**Exercise aim**
Word for word, restate the data that follows, omitting the images.

**Dataset content**
*** Begin section ***
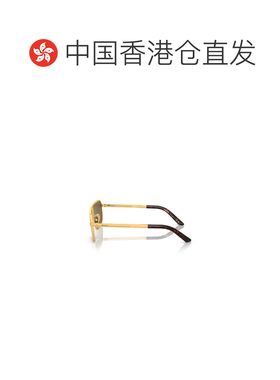 香港直邮Prada 徽标太阳镜 普拉达配饰PRA53S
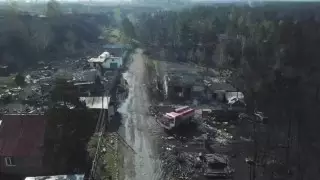 ЧС городского масштаба объявят в Риддере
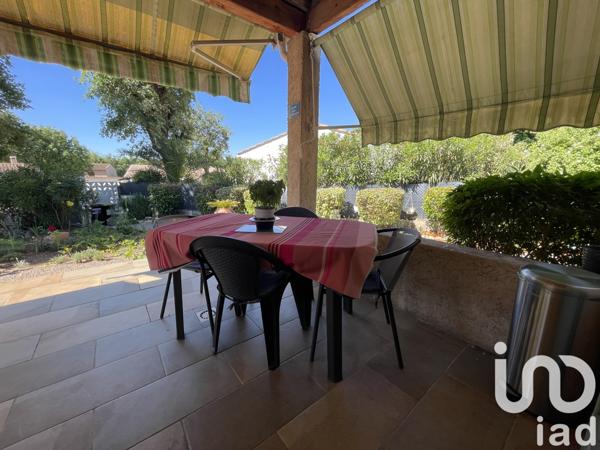 Maison à vendre 3 pièces 84 m² Fayence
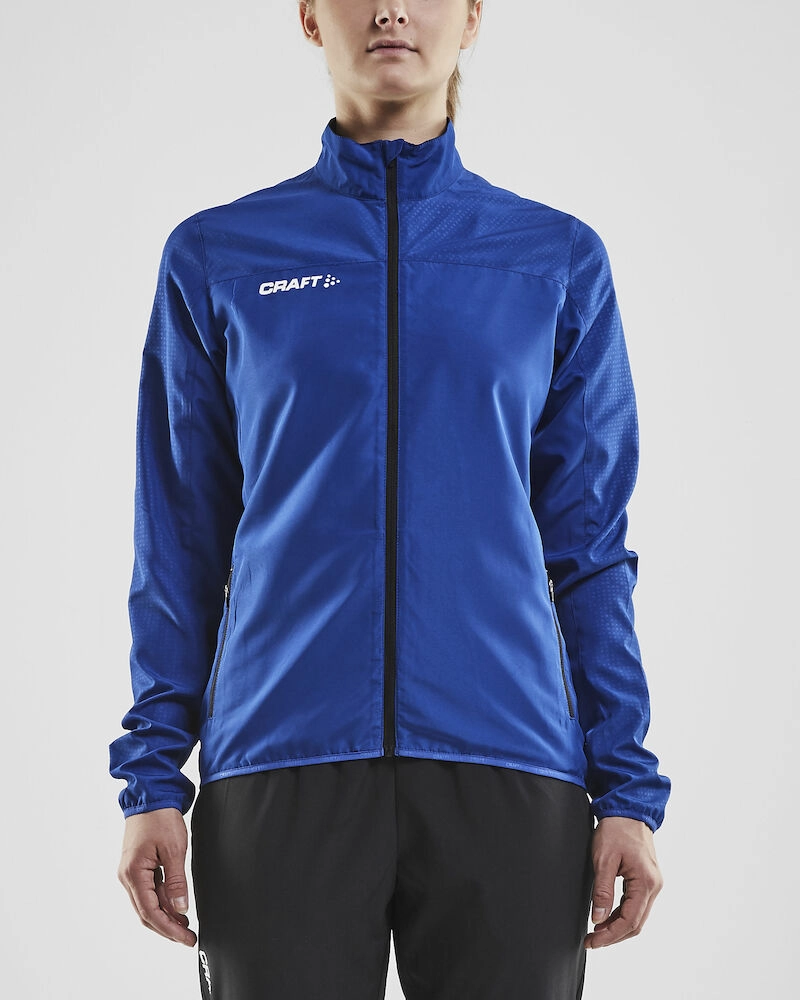 Immagine Rush Wind Jkt W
*** End section ***
**Result below**
 香港直邮Prada 徽标太阳镜 普拉达配饰PRA53S
 ЧС городского масштаба объявят в Риддере
 Maison à vendre 3 pièces 84 m² Fayence
 Immagine Rush Wind Jkt W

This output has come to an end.